_Exercise_.
Reproduce verbatim only the lines from the one containing "this 704×468 image." through the last line below, both included.
= = = =
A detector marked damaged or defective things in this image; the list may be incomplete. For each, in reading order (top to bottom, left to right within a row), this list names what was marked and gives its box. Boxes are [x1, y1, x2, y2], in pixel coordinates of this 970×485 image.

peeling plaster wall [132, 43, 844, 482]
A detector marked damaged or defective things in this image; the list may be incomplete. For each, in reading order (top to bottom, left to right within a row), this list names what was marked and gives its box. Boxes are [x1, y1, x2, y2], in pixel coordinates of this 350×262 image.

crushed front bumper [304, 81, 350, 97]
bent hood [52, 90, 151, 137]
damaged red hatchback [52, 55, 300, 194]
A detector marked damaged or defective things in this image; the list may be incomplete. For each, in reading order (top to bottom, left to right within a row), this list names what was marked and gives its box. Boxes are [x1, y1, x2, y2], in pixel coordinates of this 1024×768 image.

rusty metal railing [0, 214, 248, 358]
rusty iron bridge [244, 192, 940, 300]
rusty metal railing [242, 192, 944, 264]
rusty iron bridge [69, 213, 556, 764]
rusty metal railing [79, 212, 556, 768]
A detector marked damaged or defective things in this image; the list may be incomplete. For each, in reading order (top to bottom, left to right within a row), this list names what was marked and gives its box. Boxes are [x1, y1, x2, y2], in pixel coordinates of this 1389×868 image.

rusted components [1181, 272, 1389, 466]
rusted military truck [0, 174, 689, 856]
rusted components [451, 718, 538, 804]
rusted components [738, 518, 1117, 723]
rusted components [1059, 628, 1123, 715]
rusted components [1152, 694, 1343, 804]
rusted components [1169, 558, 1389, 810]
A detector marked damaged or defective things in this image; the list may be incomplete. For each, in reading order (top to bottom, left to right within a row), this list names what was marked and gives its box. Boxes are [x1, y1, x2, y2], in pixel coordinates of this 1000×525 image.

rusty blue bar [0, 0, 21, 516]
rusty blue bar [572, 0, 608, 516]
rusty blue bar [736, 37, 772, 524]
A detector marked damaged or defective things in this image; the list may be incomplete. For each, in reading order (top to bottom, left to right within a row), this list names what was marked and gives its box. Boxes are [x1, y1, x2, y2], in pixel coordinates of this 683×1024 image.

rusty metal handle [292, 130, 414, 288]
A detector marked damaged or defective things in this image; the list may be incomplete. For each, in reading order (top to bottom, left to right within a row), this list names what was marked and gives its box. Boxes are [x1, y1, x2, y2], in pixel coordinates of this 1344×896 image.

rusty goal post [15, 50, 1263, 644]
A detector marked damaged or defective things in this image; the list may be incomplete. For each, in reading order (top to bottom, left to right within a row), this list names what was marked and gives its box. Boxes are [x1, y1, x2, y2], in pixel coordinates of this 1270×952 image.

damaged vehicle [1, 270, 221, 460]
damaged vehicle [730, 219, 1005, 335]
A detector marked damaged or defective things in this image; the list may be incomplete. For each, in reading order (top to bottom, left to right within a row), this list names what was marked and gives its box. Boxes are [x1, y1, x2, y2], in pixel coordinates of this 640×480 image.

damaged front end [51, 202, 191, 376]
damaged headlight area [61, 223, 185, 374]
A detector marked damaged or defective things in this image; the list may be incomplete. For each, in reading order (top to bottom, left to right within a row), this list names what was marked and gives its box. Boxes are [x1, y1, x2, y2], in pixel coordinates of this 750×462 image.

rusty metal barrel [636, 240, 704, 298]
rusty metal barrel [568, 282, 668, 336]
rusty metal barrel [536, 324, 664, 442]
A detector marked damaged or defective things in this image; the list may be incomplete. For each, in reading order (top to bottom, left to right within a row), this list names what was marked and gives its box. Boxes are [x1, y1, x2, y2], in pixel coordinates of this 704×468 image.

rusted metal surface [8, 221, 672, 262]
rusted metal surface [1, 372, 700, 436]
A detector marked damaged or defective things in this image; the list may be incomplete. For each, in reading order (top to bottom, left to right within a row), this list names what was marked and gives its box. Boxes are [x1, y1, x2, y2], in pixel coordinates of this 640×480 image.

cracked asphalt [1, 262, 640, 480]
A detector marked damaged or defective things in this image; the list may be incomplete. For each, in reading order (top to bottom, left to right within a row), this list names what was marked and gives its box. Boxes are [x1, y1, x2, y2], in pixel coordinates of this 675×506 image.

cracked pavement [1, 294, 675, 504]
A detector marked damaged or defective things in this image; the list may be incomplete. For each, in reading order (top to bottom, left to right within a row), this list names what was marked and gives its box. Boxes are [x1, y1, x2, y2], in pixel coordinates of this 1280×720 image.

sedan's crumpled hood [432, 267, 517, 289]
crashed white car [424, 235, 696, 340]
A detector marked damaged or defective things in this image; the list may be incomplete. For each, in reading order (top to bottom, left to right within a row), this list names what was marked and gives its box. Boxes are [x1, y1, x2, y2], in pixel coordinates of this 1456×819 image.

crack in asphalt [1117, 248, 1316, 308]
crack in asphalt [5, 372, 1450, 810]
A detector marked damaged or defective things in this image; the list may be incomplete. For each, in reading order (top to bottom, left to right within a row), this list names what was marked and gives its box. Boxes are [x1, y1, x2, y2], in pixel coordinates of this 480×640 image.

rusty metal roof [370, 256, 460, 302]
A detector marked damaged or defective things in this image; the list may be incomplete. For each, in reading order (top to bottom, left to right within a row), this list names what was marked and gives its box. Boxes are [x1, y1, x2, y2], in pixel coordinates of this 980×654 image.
= = = =
_Solution_.
A detector marked damaged or defective things in this image; the list may be incomplete. For each, in reading order (top to bottom, left to right within a row), this list names what was marked and gives its box. Boxes are [x1, y1, x2, y2], in pixel coordinates of this 704×468 image.

rusted metal surface [8, 221, 672, 262]
rusted metal surface [1, 372, 700, 436]
A detector marked damaged or defective things in this image; the list may be incomplete. For each, in reading order (top to bottom, left to right within a row), this list names what was marked and gives its box. Boxes are [x1, y1, x2, y2], in pixel coordinates of this 640×480 image.

cracked asphalt [1, 262, 640, 480]
A detector marked damaged or defective things in this image; the list may be incomplete. For each, in reading order (top to bottom, left to right within a row), this list names what was marked and gives its box. Boxes are [x1, y1, x2, y2], in pixel coordinates of this 675×506 image.

cracked pavement [1, 294, 675, 504]
A detector marked damaged or defective things in this image; the list may be incomplete. For each, in reading order (top to bottom, left to right within a row), this list names what was marked and gives its box. Boxes are [x1, y1, x2, y2], in pixel coordinates of this 1280×720 image.

sedan's crumpled hood [432, 267, 517, 289]
crashed white car [424, 235, 696, 340]
A detector marked damaged or defective things in this image; the list may be incomplete. For each, in reading order (top to bottom, left to right within a row), this list names what was marked and gives its box. Boxes are [x1, y1, x2, y2], in pixel coordinates of this 1456×819 image.

crack in asphalt [1117, 248, 1316, 308]
crack in asphalt [5, 372, 1450, 810]
A detector marked damaged or defective things in this image; the list may be incomplete. For each, in reading order (top to bottom, left to right within a row), this list names what was marked and gives its box. Boxes are [x1, y1, x2, y2], in pixel coordinates of this 480×640 image.

rusty metal roof [370, 256, 460, 302]
A detector marked damaged or defective things in this image; the list may be incomplete. For each, in reading order (top to bottom, left to right within a row), this list names what was marked and gives its box. Boxes are [x1, y1, x2, y2], in pixel coordinates of this 980×654 image.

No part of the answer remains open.